Nach und nach weckten die Sonnenstrahlen alle Bewohner des Waldes. Hier raschelte es im Unterholz, dort knackte das Geäst und die Vögel zwitscherten ihr Morgenlied. Das helle Licht der Sonne erweckte den Wald zum Leben.
Hoa war schon lange vorher wach. Bereits mit Beginn der Dämmerung machte er sich jeden Morgen auf den Weg. Er war ein absoluter Frühaufsteher. Ein ausgiebiges, schmackhaftes Frühstück stand als Erstes auf seinem Tagesprogramm. Seine absolute Lieblingsspeise waren Getreidekörner. Doch die konnte man nicht ganz gefahrlos bekommen. Man musste den Schutz des Waldes verlassen und kam den Menschen dabei oft sehr nah.

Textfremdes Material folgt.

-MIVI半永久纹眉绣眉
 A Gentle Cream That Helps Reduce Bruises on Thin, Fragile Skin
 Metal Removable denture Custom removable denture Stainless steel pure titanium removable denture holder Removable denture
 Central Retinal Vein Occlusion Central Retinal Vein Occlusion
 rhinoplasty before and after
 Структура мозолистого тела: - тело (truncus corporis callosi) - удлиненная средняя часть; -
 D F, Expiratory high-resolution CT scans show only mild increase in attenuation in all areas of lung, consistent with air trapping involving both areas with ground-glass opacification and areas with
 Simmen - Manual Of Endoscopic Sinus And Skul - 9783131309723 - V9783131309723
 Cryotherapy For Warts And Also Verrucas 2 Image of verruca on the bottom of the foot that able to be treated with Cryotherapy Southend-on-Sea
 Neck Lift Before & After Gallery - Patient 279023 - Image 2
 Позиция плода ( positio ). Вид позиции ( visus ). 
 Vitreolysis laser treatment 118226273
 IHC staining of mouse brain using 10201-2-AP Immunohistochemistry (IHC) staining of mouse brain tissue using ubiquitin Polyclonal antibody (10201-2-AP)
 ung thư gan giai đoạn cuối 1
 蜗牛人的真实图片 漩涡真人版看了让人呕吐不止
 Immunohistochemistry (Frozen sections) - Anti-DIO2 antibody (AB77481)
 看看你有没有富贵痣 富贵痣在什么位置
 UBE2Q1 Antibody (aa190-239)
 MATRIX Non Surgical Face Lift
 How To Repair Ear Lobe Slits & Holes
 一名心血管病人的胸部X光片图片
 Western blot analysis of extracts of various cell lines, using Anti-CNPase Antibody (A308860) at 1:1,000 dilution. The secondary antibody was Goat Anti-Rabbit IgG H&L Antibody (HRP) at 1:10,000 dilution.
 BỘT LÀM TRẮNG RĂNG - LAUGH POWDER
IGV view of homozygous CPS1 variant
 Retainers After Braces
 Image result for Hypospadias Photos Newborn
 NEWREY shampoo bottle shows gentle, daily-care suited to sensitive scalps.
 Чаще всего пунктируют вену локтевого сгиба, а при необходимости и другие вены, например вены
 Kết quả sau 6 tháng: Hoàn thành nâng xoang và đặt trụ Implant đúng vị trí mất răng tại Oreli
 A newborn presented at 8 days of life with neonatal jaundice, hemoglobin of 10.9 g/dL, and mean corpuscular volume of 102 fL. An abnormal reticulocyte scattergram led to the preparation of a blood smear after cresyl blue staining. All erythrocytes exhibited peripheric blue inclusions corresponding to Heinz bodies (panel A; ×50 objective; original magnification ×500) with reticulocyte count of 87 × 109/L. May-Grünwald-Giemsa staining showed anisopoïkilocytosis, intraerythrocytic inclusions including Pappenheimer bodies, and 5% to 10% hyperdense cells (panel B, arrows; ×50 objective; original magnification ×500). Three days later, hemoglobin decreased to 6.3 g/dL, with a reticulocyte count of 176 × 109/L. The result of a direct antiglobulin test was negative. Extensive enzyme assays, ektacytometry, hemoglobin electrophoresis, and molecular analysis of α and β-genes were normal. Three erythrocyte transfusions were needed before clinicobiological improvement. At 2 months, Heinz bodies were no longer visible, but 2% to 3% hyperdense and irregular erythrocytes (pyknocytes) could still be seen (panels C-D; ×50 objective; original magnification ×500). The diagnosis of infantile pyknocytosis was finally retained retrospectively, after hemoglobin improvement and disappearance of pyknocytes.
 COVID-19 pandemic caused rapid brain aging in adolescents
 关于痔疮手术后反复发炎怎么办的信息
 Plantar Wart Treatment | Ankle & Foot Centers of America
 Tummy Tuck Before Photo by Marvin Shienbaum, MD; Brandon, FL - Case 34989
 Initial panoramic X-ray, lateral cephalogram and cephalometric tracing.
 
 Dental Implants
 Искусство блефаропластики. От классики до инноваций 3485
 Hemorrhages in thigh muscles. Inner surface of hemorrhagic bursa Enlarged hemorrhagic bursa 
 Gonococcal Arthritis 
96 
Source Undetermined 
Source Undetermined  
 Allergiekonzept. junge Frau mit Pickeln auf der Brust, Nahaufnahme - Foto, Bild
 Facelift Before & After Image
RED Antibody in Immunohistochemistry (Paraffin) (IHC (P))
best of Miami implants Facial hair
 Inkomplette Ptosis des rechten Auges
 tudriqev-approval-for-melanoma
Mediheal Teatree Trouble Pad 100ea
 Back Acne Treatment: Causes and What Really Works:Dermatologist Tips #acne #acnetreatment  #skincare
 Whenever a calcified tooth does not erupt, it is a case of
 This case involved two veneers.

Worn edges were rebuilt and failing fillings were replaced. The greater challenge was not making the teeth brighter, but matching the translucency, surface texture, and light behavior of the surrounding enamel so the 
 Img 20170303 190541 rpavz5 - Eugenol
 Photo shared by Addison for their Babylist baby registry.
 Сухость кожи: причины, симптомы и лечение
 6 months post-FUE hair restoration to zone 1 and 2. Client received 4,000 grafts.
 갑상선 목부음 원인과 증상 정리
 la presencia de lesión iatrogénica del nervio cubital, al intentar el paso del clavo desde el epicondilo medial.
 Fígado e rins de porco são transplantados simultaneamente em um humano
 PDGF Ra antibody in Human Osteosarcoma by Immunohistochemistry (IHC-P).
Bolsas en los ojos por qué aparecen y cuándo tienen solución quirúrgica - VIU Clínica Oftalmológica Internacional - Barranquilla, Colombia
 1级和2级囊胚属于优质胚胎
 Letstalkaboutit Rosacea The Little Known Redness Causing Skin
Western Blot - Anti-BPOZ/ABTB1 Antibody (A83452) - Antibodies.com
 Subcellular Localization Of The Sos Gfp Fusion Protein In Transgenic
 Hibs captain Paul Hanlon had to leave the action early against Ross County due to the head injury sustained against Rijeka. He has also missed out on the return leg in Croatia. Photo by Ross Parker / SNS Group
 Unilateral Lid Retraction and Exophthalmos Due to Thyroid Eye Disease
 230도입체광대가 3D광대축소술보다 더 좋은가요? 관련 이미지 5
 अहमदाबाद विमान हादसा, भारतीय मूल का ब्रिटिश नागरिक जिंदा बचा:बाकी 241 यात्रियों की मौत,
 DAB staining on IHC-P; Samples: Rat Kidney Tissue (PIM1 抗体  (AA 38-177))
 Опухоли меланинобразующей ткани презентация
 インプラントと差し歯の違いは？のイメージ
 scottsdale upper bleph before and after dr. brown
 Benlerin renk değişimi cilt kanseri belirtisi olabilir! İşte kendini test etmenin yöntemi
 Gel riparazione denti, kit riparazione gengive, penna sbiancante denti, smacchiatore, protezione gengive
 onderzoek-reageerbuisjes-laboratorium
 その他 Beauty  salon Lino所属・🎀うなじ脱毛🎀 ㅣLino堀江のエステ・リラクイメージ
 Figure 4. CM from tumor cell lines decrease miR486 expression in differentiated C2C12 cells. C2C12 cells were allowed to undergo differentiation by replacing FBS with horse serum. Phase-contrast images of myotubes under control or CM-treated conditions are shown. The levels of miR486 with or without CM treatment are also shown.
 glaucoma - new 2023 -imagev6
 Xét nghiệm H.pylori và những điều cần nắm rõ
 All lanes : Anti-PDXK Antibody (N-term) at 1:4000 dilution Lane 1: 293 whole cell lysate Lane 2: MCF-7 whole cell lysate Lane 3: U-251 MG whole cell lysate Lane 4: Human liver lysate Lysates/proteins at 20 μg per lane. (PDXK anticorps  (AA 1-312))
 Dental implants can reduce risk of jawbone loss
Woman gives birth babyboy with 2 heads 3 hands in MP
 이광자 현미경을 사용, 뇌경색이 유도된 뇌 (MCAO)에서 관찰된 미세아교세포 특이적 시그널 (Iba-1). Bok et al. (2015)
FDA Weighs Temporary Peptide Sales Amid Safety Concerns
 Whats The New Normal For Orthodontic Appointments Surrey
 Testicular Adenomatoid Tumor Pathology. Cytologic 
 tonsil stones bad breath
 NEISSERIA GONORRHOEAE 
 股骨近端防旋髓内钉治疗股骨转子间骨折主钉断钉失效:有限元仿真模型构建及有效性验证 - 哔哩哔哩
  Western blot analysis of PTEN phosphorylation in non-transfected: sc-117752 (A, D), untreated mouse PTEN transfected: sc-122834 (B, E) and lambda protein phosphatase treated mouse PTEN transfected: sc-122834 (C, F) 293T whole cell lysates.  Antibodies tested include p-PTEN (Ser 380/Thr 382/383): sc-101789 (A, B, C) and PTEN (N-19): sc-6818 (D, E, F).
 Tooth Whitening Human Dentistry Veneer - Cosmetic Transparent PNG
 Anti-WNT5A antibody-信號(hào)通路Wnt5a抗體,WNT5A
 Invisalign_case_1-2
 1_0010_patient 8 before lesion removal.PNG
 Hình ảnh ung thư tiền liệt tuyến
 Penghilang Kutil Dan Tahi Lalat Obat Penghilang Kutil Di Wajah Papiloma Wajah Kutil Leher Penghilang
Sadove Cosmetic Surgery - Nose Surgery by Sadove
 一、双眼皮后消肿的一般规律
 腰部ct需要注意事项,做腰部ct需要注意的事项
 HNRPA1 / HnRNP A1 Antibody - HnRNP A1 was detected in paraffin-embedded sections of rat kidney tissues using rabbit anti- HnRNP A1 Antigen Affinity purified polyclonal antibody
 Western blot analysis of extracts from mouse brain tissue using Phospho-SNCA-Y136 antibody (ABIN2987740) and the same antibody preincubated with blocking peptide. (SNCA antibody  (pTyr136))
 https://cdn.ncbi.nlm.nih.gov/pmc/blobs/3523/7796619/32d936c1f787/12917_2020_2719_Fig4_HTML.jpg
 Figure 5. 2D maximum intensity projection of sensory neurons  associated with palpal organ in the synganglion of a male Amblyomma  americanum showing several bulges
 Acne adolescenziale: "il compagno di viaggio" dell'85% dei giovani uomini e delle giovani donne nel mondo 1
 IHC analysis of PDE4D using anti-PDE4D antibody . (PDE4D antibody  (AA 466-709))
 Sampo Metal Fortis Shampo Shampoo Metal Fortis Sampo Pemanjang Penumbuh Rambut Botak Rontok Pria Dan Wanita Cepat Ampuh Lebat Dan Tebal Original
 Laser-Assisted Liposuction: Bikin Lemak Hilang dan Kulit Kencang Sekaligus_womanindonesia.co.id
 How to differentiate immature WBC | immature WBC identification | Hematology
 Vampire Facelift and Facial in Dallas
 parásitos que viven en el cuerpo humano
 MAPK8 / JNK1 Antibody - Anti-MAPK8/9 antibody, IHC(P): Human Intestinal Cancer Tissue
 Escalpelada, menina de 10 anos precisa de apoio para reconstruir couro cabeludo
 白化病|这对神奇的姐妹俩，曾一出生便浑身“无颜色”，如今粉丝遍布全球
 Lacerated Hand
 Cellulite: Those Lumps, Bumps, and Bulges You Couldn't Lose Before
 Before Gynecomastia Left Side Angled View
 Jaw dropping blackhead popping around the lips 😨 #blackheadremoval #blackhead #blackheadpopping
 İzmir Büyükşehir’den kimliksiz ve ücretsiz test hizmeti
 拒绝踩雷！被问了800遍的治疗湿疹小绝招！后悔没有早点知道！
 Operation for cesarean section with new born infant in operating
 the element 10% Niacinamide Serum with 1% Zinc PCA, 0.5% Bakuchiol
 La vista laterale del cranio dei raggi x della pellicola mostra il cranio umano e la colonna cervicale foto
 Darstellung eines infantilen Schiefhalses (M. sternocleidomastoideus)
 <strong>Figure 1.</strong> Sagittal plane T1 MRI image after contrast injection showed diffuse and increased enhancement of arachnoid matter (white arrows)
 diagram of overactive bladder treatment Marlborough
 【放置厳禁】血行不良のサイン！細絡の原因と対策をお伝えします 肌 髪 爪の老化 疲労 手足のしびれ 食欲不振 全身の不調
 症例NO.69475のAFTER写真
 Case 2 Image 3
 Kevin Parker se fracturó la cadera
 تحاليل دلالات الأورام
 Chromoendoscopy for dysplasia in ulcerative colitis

Gut für Hoa, dass sich ein großes Feld mit erntereifem Weizen direkt am Waldrand befand. Solange es noch nicht richtig hell war, riskierte er es, sich einige der leckeren Körner zu stibitzen.
Dann knabberte er noch eine der köstlichen Wurzelknollen, die man auf seiner Lieblingswiese in Hülle und Fülle ausgraben konnte, und sein Frühstück war perfekt. So konnte der Tag beginnen!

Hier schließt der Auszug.